Abstract

The ABC transporter P-glycoprotein (P-gp) is responsible for the translocation of a broad variety of different substances across the lipid bilayer. As a result, P-gp on the one hand exhibits important barrier and detoxifying functions, on the other hand it affects the ADMET properties of drugs, triggers unwanted drug-drug interactions and its overexpression is responsible for the development of multidrug-resistance (MDR), one major reason for the failure of antibiotic or anticancer therapies. Thus, reliable in silico methods for the early identification of P-gp modulators or virtual screening approaches for discovering new inhibitors is of high interest in drug discovery. This thesis outlines in three independent studies how structure-based methods can be used for tackling the problems triggered by P-gp. Although structure-based design has to be performed with precaution when dealing with membrane proteins, it is highly necessary for understanding intermolecular interactions between the ligand and its target protein. Two studies are presented, that describe the use of docking for the identification of binding modes of two classes of P-gp inhibitors. The workflows applied show how the implemention of external information is able to reduce the debatable use of scoring functions to a minimum.

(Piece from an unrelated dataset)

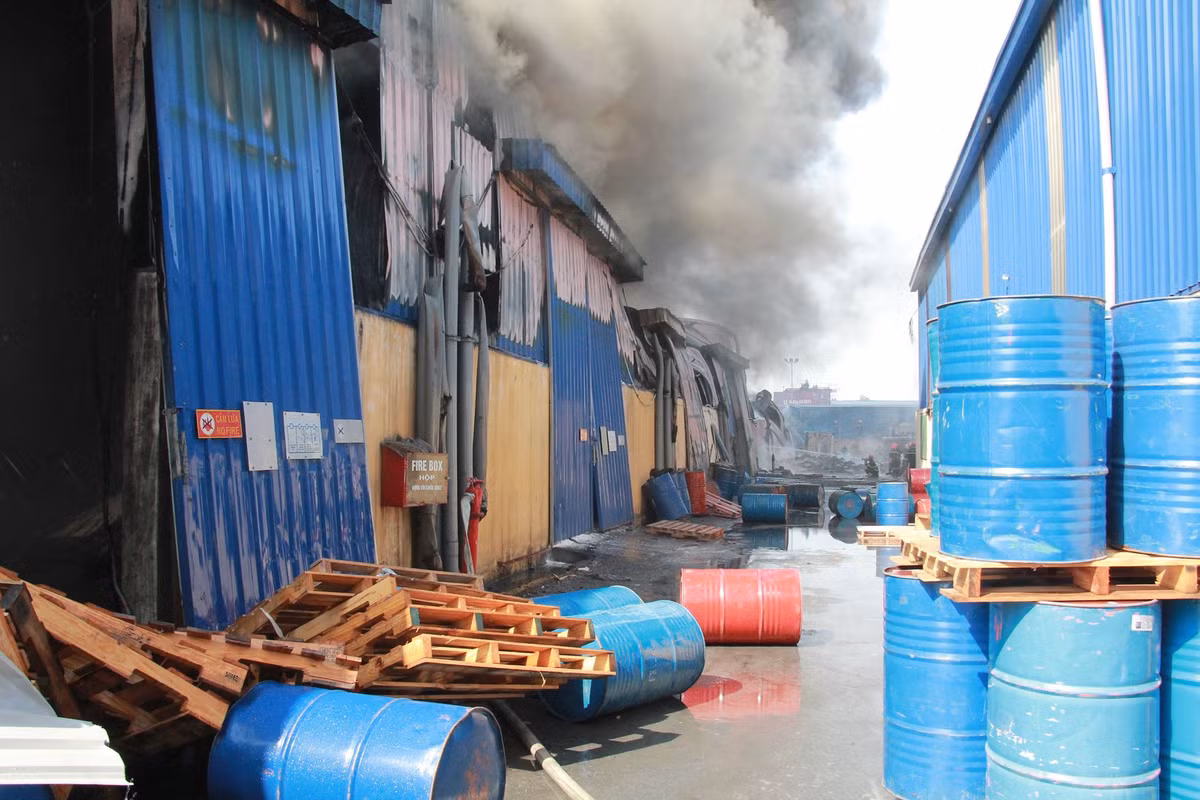 Hang tram nguoi khong che “bien lua” vu chay kho chua nhua Cong ty Phu Lam-Hinh-9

The results obtained provided useful information for screening for new P-gp inhibitors. Furthermore, a third study that compares the classification performance of ligand-based and structure-based in silico methods is also included in this thesis. Although the former models tend to be more accurate, the implementation of some ligand information could improve the structure-based models, emphasizing the importance of combined scoring functions (merging scoring and descriptor values) for future studies.